4.2 Economic Basis for Accrual Accounting

Principles of Finance4.2 Economic Basis for Accrual Accounting

Learning Outcomes

By the end of this section, you will be able to:

  • Assess the impact of business transactions on cash flow.
  • Define double-entry accounting and explain how it supports the accounting equation.

How and when we record our transactions can have a significant impact on financial statements, especially the income statement (net income). In this section you will explore the impact business transactions have on financial statements under each method. In doing so, you’ll be introduced to double-entry accounting and see how it functions to support the accounting equation.

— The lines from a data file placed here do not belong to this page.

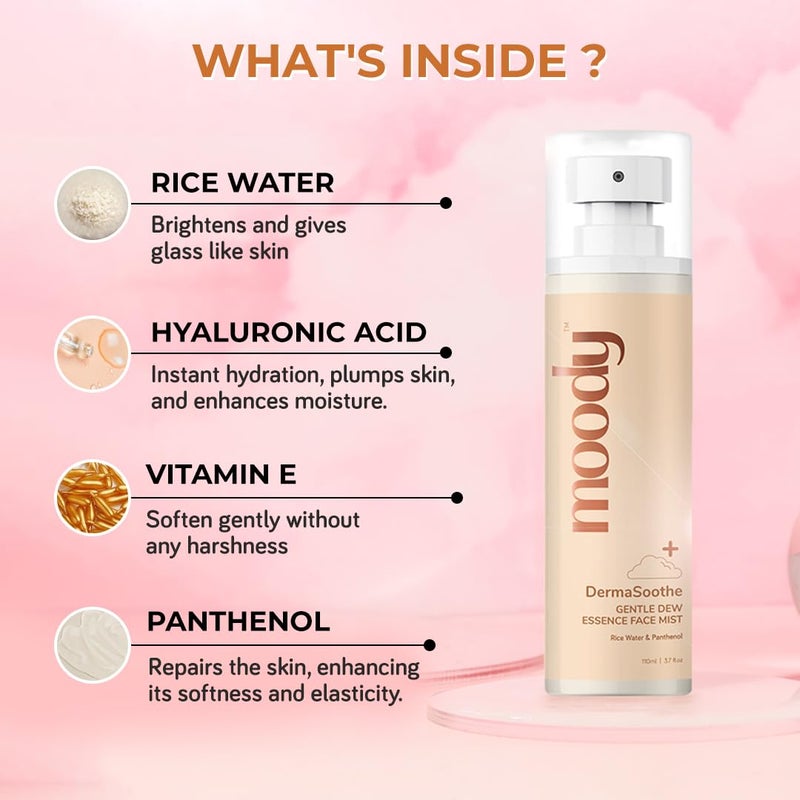 Moody DermaSoothe Brighening Face Mist  Essence Toner with Rice  Ceramides Strenghten Skin Barrier  For Clear Glass Korean Skin Bright  Hydrated Skin  AlcoholFree Toner 100 Vegan  110ml - Image 3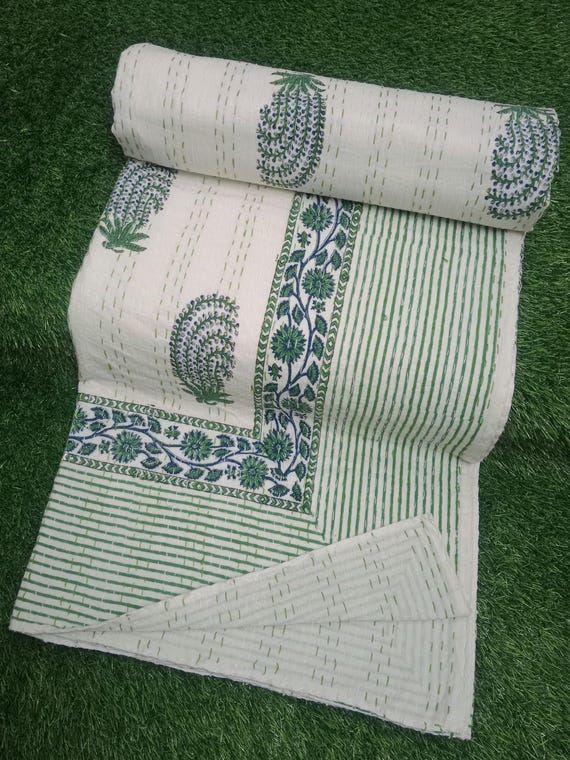 Green Floral Hand Block Print Kantha Quilt: Boho Cotton Bedspread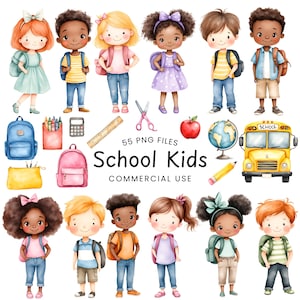 Clipart pour écoliers - aquarelle - retour à l'école png - enfants mignons - fournitures scolaires - sac à dos - crayon - autobus scolaire - usage Commercial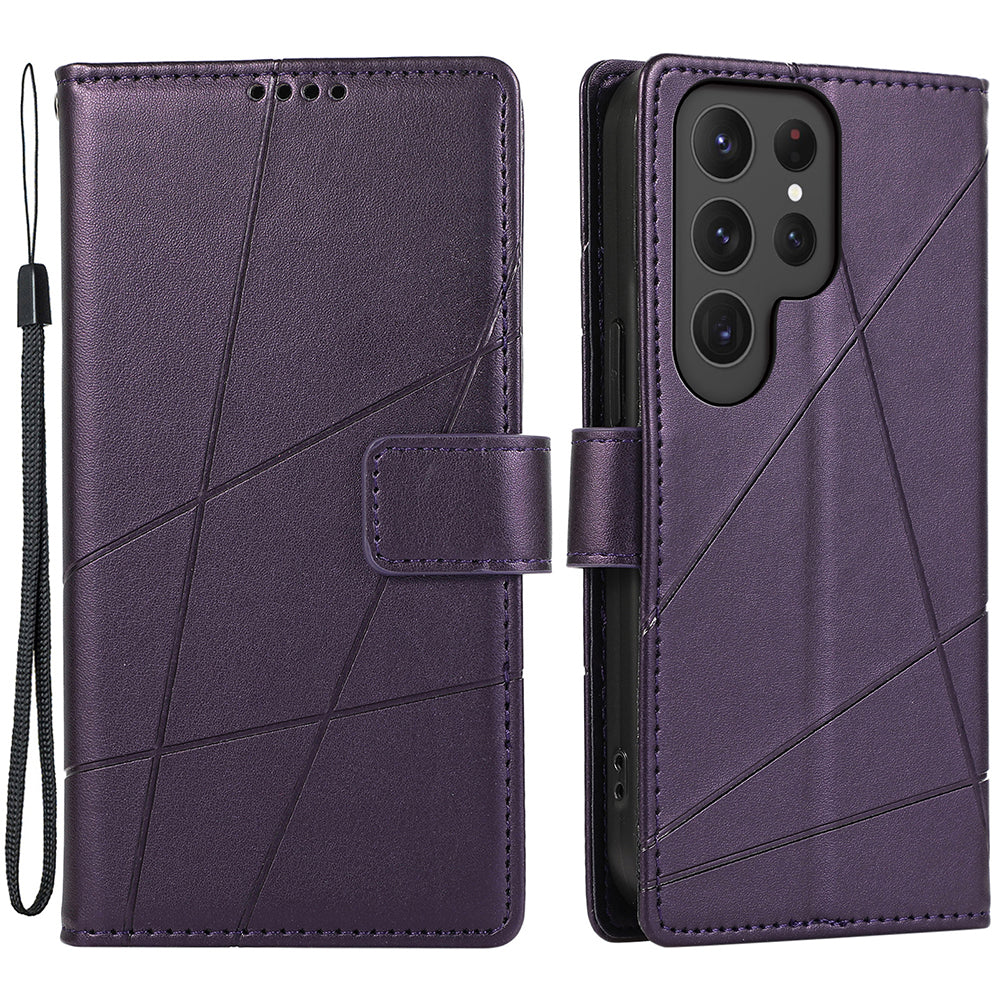 DF-06 Cell Phone Cases for Samsung Galaxy S24 Ultra Anti-scratch Imprinted PU Leather Cover - Purple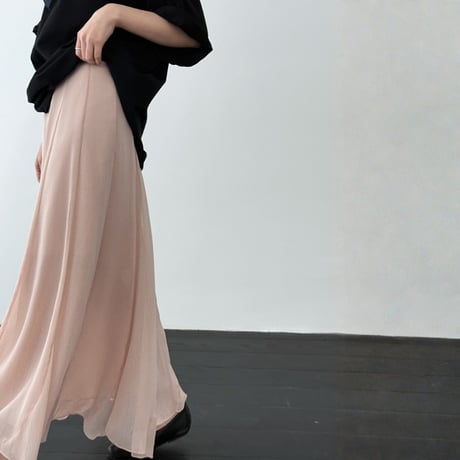 chiffon textured long midi skirt　MA1862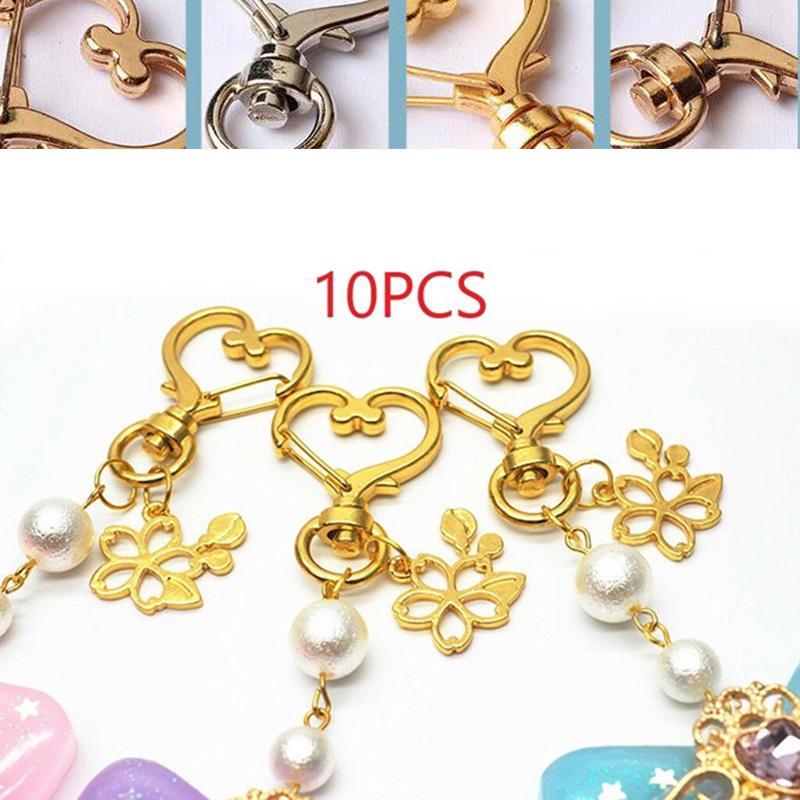 10 Stück Liebesherz Hohl Schlüsselanhänger Schlüsselring DIY Zubehör Karabinerverschluss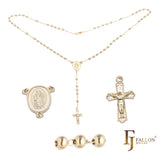 Italian Virgin of Guadalupe Catholic Rosary Necklace (Polished Round Beads) plated in 14K Gold, 14K Gold two tone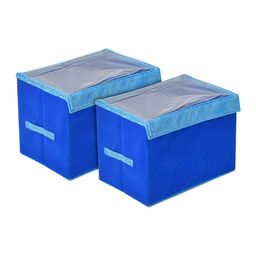 Kuber Industries Set Of 2 Blue & Grey Solid Multipurpose Organisers-21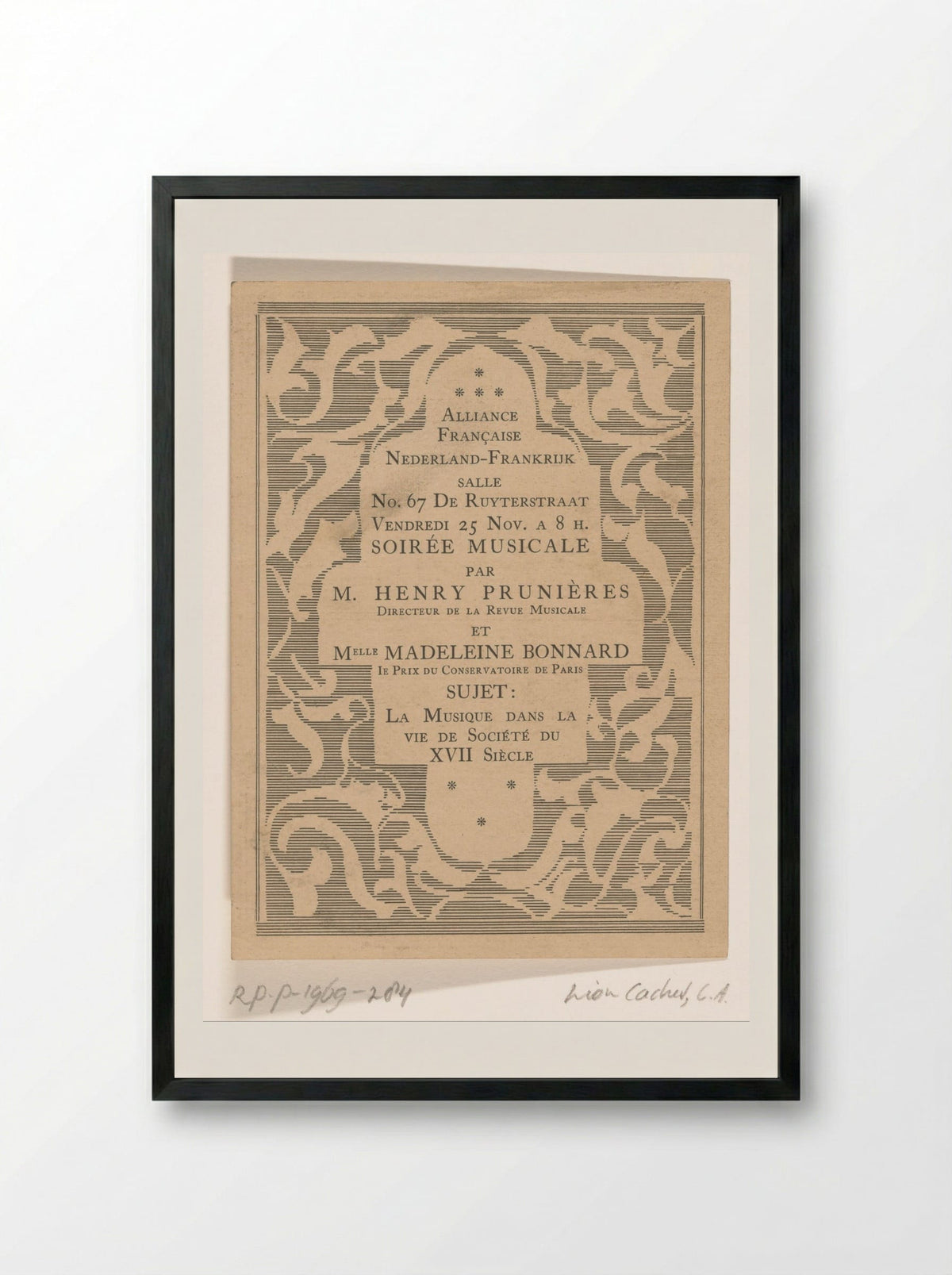 Aankondiging voor muziekavond van de Alliance Française - Carel Adolph Lion Cachet - Framed Print Black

Timing of Business Activity versus Cash Flow

The first financial statement prepared is the income statement, a statement that shows the organization’s financial performance for a given period of time. We already saw that Chris, who is a sole proprietor, started a summer landscaping business on August 1, 2020. She categorized her business as a service entity and used the cash-basis method of accounting to record the initial operations for her business. Although Chris was using her family’s tractor to get her work done, she was responsible for paying for fuel and any maintenance costs. So, on August 31, Chris realized she had only $250 in her checking account.

This balance was lower than expected because she had spent only slightly less ($1,150 for brakes, fuel, and insurance) than she earned ($1,400)—leaving a net income of $250. While she would like the checking balance to grow each month, she realized that most of the August expenses were infrequent (brakes and insurance) and the insurance, in particular, was an unusually large expense. She knew that the checking account balance would likely grow more in September because she would earn money from some new customers; she also anticipated having fewer expenses.

This simple landscaping example can be used to discuss the elements of the income statement, which are revenues, expenses, gains, and losses for a particular period of time (see Figure 4.2). Together, these determine whether the organization has net income (where revenues and gains are greater than expenses and losses) or net loss (where expenses and losses are greater than revenues and gains). Revenues, expenses, gains, and losses are further defined in the Income Statement provided.

Chris’ Landscaping, Income Statement, For the Month Ended August 31, 2020. Revenue $1,400, Total revenue $1,400. Expenses: Tractor brake repair 100, Tractor fuel 50, Buiness insurance 1,000; Total Expenses 1,150; Net income $250.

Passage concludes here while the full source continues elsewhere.